→ WHAT YOU ARE ASKED TO DO
Leave the pictures aside and give back every entry below word for word.

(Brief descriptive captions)
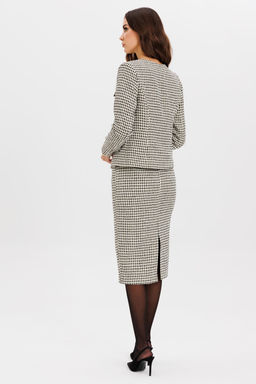 Костюм Lars Style 1007 бежевый, черный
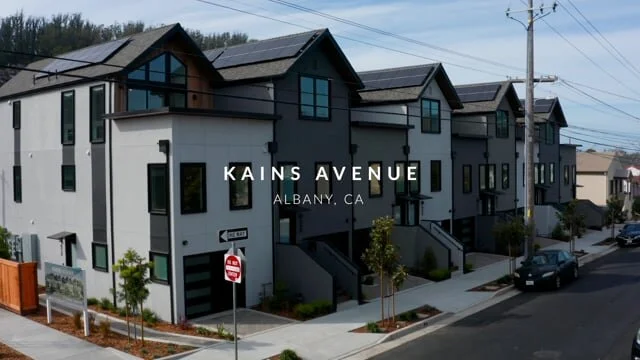 Kains Avenue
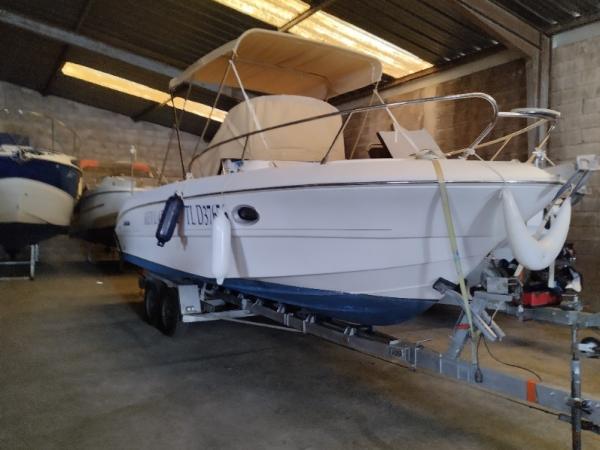 Key Largo 22 200 cv Honda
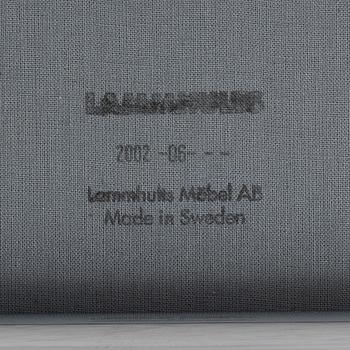 Gunilla Allard, Pair of armchairs, "Cinema", Lammhults.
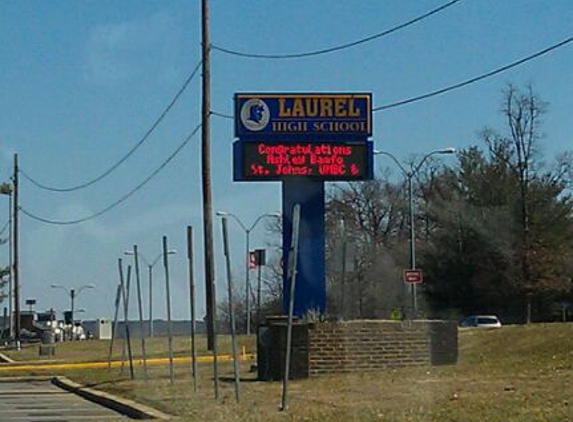 Laurel High School - Laurel, MD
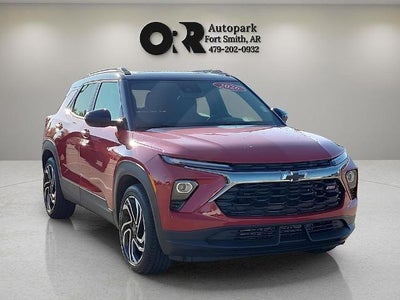 2026 Chevrolet Trailblazer FWD 4dr RS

→ EXERCISE SOLUTION
 Костюм Lars Style 1007 бежевый, черный
 Kains Avenue
 Key Largo 22 200 cv Honda
 Gunilla Allard, Pair of armchairs, "Cinema", Lammhults.
 Laurel High School - Laurel, MD
 2026 Chevrolet Trailblazer FWD 4dr RS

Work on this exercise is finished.